-3

I am searching for the most efficient tree search implementation in python. I give the tree search a sequence of length n and it should detect if the branches are already created, or if this is not the case, generate the branches.

Example:

i1: Sequence 1[0.89,0.43,0.28]

      0.89   check
       |
      0.43   check
       |
      0.28   check(last branch, last number of sequence == found)

i2: Sequence 2[0.89,0.43,0.99]

      0.89   check
       |
      0.43   check
       |                                           |
      0.28   missing(Creating new branch)         0.99

Considering the order within the sequences is important.

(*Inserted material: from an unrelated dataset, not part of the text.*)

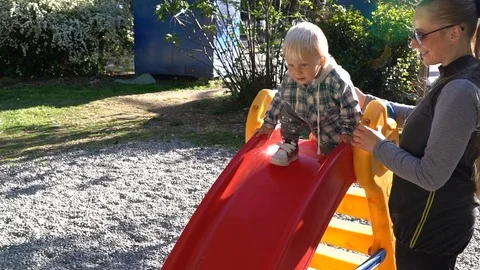 Active boy sliding down Stock Footage 74398283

The goal is to keep track of a huge range of sequence (seen, unseen).

Has anyone ideas?

  • [heapq](https://docs.python.org/3.5/library/heapq.html) may be helpful. It works on ordered lists to implement a binary tree. – aluriak Feb 13 '17 at 16:10

1 Answers1

0

You could use an infinitely nested collections.defaultdict for this. The following function will create a defaultdict, that whenever the requested value is not present will call the same function again, creating another defaultdict, ad infinitum.

import collections
nested = lambda: collections.defaultdict(nested)
dic = nested()

Now, you can add the sequences to the nested defaultdict. You can do this in a loop, or recursively, or simply use reduce:

s1 = [0.89,0.43,0.28]
s2 = [0.89,0.43,0.99]

from functools import reduce # Python 3
reduce(lambda d, x: d[x], s1, dic)
reduce(lambda d, x: d[x], s2, dic)

Afterwards, dic looks like this: (Actually, it looks a bit different, but that's only because of defaultdict also printing the function it was created with.)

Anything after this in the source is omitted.